**WHAT TO DO:**
In the entries below, go to the line containing "Post Gamestop: Nasdaq" and repeat it along with every later line, exactly.

Segment Start: DATA FOR ANALYSIS

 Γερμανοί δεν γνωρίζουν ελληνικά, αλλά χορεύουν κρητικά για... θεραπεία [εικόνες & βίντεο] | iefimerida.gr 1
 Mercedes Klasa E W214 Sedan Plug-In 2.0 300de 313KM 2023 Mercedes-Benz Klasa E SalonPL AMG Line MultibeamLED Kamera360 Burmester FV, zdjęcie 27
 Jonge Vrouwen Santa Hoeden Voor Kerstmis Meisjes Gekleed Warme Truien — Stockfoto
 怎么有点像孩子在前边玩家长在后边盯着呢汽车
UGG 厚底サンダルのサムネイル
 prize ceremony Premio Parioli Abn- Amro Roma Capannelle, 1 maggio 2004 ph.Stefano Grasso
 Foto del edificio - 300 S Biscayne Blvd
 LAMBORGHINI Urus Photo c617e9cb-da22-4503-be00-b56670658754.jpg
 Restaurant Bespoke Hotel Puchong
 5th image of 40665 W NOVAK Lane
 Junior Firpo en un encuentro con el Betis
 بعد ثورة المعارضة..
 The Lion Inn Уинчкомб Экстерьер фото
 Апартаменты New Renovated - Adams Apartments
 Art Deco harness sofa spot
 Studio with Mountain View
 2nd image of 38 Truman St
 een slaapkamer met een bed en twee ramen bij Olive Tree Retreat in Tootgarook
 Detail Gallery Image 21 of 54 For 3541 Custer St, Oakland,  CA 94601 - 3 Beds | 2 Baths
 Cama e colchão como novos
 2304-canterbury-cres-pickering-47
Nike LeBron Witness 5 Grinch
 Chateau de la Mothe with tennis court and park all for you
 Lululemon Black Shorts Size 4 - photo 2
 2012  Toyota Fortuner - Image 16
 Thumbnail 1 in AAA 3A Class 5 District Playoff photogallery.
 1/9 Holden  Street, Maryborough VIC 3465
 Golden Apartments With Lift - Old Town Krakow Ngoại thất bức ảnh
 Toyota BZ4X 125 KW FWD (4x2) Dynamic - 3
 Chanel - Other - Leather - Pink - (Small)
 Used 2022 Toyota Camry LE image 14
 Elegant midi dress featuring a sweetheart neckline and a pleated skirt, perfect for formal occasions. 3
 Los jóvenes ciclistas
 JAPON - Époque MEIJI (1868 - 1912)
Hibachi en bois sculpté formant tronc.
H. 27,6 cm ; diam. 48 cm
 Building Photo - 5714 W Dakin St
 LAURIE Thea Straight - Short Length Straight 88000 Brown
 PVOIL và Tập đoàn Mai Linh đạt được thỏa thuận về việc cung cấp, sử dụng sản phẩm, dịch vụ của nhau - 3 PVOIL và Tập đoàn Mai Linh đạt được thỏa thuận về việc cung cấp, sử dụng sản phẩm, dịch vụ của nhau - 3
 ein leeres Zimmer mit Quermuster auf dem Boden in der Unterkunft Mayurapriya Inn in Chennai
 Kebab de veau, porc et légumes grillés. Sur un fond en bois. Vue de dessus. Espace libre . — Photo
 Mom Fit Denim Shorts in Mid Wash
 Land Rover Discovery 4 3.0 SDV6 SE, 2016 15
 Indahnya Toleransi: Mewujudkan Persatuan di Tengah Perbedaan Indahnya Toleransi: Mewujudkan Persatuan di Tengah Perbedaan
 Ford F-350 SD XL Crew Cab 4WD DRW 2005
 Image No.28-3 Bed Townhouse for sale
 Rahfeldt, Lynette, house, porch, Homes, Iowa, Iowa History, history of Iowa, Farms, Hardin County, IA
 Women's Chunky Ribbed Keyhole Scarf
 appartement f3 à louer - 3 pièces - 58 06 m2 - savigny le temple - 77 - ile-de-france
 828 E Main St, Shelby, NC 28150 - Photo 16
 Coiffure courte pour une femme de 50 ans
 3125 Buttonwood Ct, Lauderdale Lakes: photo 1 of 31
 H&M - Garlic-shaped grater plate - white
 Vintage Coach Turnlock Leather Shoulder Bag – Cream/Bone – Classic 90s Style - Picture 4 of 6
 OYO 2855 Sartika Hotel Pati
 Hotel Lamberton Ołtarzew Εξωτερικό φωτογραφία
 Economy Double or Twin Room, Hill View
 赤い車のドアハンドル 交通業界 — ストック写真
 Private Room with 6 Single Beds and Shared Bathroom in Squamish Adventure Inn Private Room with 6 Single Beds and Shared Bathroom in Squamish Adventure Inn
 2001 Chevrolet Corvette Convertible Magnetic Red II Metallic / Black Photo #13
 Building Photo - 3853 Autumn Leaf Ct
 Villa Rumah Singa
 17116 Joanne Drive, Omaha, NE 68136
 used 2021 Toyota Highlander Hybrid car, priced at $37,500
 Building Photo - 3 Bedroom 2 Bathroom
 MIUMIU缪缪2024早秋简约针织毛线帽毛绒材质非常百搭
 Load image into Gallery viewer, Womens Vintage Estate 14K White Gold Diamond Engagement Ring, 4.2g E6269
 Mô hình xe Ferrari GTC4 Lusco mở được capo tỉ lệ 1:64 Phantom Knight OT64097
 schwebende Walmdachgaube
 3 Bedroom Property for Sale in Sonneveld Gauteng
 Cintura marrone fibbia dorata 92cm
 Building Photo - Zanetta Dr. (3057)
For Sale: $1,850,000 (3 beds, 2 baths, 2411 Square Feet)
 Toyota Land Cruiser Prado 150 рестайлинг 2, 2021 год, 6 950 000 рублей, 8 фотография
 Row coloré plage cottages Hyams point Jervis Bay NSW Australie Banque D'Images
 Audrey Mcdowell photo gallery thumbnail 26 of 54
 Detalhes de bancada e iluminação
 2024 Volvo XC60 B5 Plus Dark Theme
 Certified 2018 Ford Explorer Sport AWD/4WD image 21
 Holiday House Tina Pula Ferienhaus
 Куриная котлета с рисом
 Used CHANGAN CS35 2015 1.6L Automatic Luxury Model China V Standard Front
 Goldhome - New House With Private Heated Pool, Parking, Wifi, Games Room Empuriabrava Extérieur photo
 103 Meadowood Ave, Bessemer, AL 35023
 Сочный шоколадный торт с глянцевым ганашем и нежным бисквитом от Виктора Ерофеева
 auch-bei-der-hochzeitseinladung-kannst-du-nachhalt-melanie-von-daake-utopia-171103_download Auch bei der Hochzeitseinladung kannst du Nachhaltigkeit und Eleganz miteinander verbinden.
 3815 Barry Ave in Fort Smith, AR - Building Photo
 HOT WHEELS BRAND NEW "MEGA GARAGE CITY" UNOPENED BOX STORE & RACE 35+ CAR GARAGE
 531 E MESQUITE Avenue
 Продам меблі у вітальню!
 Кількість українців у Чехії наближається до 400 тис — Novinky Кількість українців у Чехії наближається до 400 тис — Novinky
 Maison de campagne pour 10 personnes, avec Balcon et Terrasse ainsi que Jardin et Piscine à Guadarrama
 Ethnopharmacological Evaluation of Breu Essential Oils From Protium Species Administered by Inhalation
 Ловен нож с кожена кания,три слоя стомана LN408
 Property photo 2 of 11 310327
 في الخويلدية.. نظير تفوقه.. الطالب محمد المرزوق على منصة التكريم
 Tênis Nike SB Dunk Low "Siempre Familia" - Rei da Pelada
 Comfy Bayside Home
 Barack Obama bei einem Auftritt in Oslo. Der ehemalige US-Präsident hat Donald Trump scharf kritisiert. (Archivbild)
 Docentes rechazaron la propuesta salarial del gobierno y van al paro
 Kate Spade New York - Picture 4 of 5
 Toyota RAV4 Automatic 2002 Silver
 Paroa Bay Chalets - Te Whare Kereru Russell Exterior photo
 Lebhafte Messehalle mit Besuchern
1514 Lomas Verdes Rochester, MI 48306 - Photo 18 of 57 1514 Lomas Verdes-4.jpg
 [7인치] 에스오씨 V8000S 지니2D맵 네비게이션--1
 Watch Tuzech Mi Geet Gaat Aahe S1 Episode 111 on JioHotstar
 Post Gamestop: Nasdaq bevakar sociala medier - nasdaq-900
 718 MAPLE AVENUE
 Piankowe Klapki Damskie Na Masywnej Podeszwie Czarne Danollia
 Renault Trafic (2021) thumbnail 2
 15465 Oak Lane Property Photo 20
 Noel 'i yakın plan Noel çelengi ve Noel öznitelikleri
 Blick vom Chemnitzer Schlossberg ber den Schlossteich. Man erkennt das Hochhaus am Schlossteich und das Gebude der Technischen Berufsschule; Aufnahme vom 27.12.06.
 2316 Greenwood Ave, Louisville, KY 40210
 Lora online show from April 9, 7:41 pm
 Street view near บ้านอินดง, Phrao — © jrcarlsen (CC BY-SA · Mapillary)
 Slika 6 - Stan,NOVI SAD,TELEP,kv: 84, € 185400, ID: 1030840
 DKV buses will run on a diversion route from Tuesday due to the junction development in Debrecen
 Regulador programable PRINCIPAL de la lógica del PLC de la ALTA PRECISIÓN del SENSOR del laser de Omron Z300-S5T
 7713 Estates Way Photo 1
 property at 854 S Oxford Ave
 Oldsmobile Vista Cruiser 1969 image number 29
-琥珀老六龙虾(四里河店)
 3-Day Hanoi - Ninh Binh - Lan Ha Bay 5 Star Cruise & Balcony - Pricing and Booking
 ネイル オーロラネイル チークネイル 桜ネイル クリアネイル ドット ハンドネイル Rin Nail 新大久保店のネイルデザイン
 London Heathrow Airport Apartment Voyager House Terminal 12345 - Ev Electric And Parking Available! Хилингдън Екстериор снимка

Segment End: DATA FOR ANALYSIS

**ANSWER TO THIS EXERCISE:**
 Post Gamestop: Nasdaq bevakar sociala medier - nasdaq-900
 718 MAPLE AVENUE
 Piankowe Klapki Damskie Na Masywnej Podeszwie Czarne Danollia
 Renault Trafic (2021) thumbnail 2
 15465 Oak Lane Property Photo 20
 Noel 'i yakın plan Noel çelengi ve Noel öznitelikleri
 Blick vom Chemnitzer Schlossberg ber den Schlossteich. Man erkennt das Hochhaus am Schlossteich und das Gebude der Technischen Berufsschule; Aufnahme vom 27.12.06.
 2316 Greenwood Ave, Louisville, KY 40210
 Lora online show from April 9, 7:41 pm
 Street view near บ้านอินดง, Phrao — © jrcarlsen (CC BY-SA · Mapillary)
 Slika 6 - Stan,NOVI SAD,TELEP,kv: 84, € 185400, ID: 1030840
 DKV buses will run on a diversion route from Tuesday due to the junction development in Debrecen
 Regulador programable PRINCIPAL de la lógica del PLC de la ALTA PRECISIÓN del SENSOR del laser de Omron Z300-S5T
 7713 Estates Way Photo 1
 property at 854 S Oxford Ave
 Oldsmobile Vista Cruiser 1969 image number 29
-琥珀老六龙虾(四里河店)
 3-Day Hanoi - Ninh Binh - Lan Ha Bay 5 Star Cruise & Balcony - Pricing and Booking
 ネイル オーロラネイル チークネイル 桜ネイル クリアネイル ドット ハンドネイル Rin Nail 新大久保店のネイルデザイン
 London Heathrow Airport Apartment Voyager House Terminal 12345 - Ev Electric And Parking Available! Хилингдън Екстериор снимка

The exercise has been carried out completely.